- Data supplied
══════════

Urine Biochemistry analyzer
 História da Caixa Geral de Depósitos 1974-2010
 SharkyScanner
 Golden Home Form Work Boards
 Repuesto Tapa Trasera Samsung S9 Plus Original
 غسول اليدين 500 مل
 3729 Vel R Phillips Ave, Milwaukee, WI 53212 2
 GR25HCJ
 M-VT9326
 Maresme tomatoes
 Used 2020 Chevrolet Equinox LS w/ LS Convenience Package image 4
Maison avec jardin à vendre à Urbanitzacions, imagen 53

══════════

- Instructions for the task
For this exercise, retype the entire listing exactly.

- Result below
Urine Biochemistry analyzer
 História da Caixa Geral de Depósitos 1974-2010
 SharkyScanner
 Golden Home Form Work Boards
 Repuesto Tapa Trasera Samsung S9 Plus Original
 غسول اليدين 500 مل
 3729 Vel R Phillips Ave, Milwaukee, WI 53212 2
 GR25HCJ
 M-VT9326
 Maresme tomatoes
 Used 2020 Chevrolet Equinox LS w/ LS Convenience Package image 4
Maison avec jardin à vendre à Urbanitzacions, imagen 53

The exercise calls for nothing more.